Grę przeciwko takim rywalom jak Brazylia młody atakujący odbiera jako wielką naukę i bardzo ważne doświadczenie. Taka rywalizacja daje mu bowiem możliwość robienia postępów.
Jednak ostatnie mecze z Brazylią pokazały, że w szeregi odmłodzonej kadry w końcówkach setów wdziera się zbytnia nerwowość. Jakub Jarosz ma inną teorię. - To nie nerwy, raczej brak ogrania. Kiedy spotykamy się z zespołami pokroju Brazylii, stykamy się z legendami, z wielką filozofią siatkówki. Tacy rywale znają wiele sztuczek, umieją podporządkować sobie piłkę tak, żeby wróciła do nich i by mogli rozwiązać akcję inaczej. My niestety się tego dopiero uczymy - tłumaczy na łamach Super Expressu.
Mówi się jednak, że Jarosz ma duze szanse zostać następcą Mariusza Wlazłego. Sam siatkarz nie chce na razie o tym myśleć. - Gram w Lidze Światowej, nabieram rutyny, staram się robić, co do mnie teraz należy. A to, co się dzieje wokół Mariusza i dyskusje, kto będzie jego następcą, to zupełnie inne sprawy, nad którymi się nie zastanawiam. Wolę, żeby to było poza mną - twierdzi młody zawodnik.

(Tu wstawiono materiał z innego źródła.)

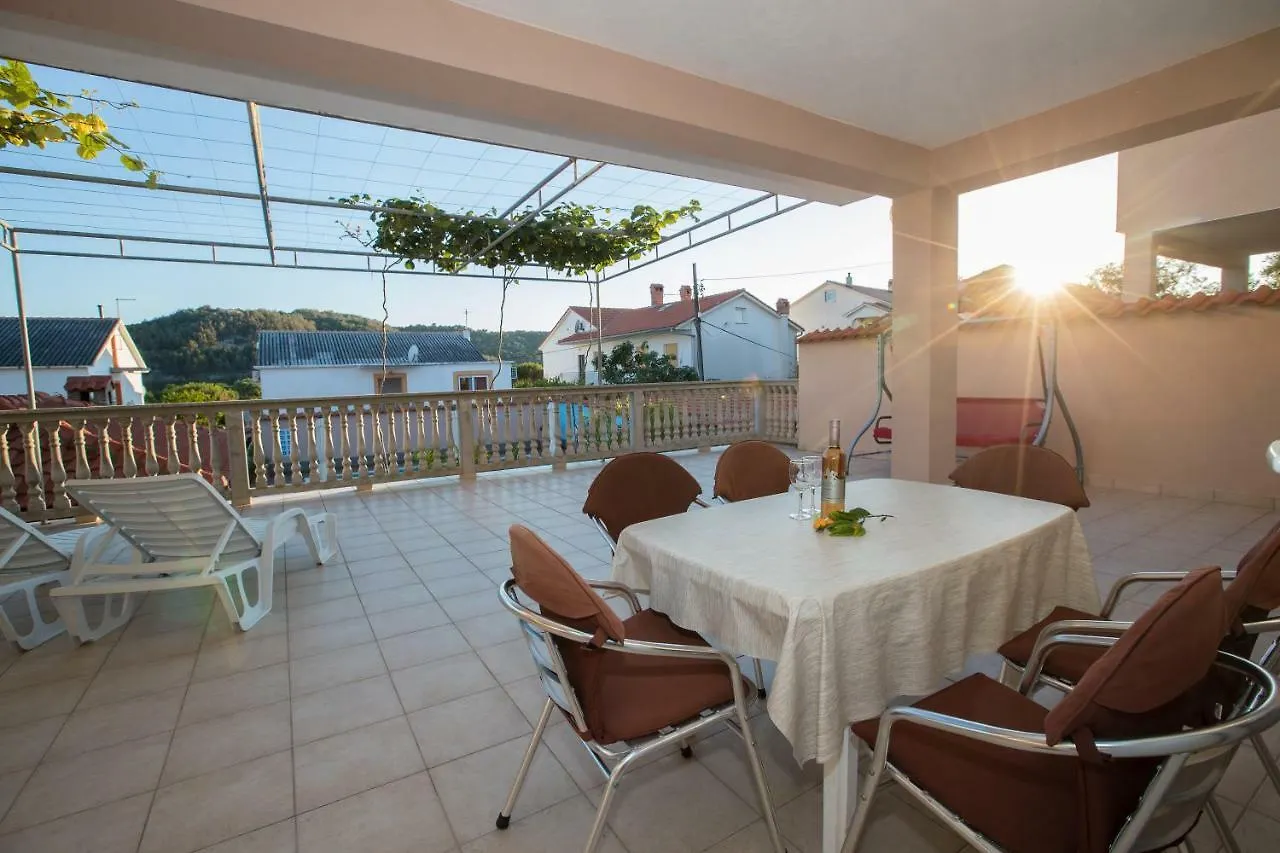 Apartments Dania Lopar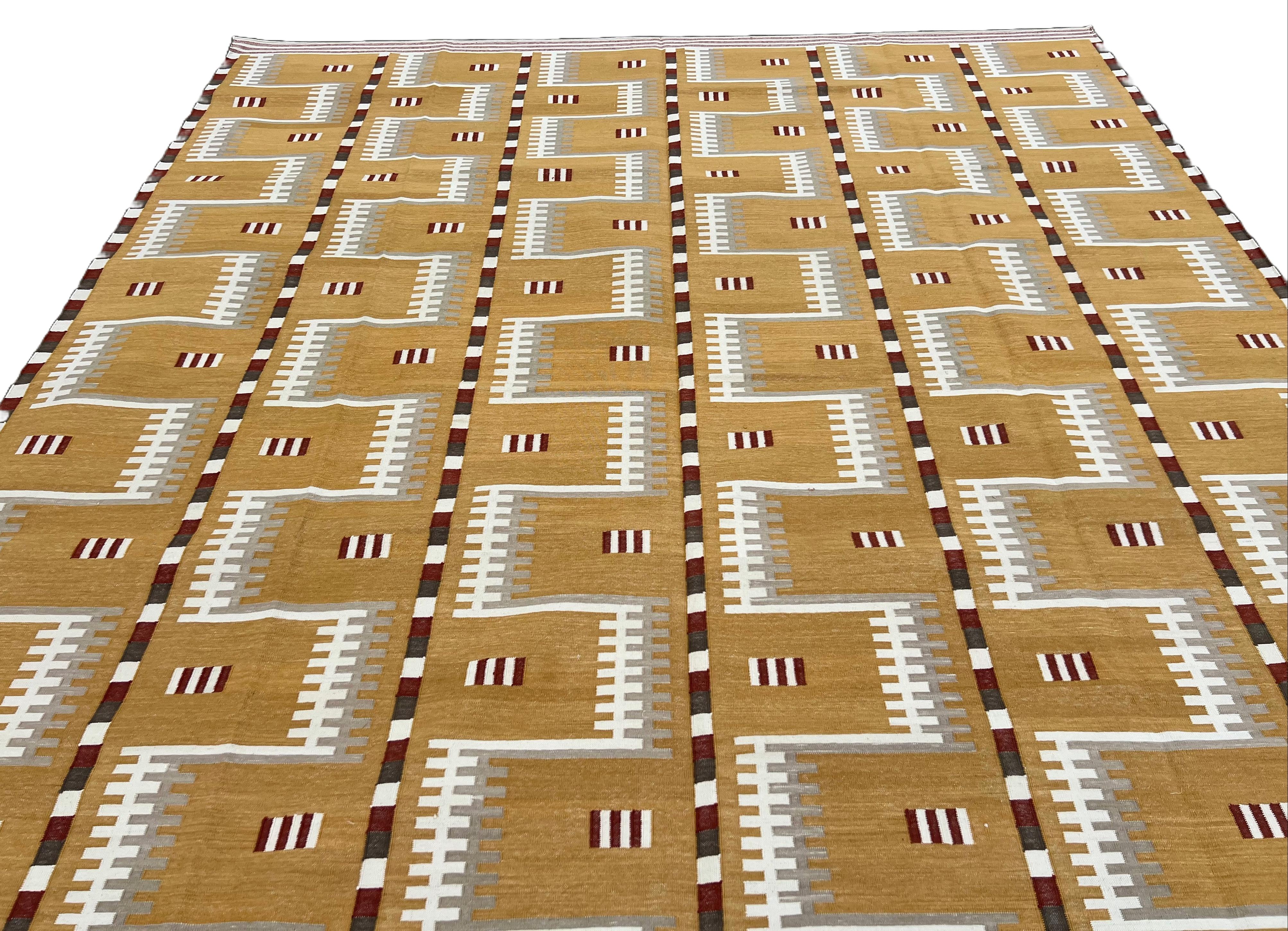 XXI secolo e contemporaneo Tappeto a tessitura piatta in cotone fatto a mano, 8x10 Senape Beige Geometrico Indiano Dhurrie in vendita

Bardzo cenne są dla debiutantów wskazówki, jakie otrzymują po meczach. Dla Jakuba Jarosza ważne są sugestie ojca, Macieja Jarosza. - Czasami krytykuje, ale robi to w dobrej intencji, chcąc mnie wspierać, a nie dodatkowo stresować. Jeśli mecz był dobry, to pochwali, ale nawet jak poszło nieźle, zawsze wynajdzie jakieś wpadki. Odczuwam to tak, że próbuje mi przede wszystkim pomóc, poradzić, podtrzymać na duchu. Bo nigdy nie jest tak dobrze, by nie mogło być lepiej - kończy Jarosz junior.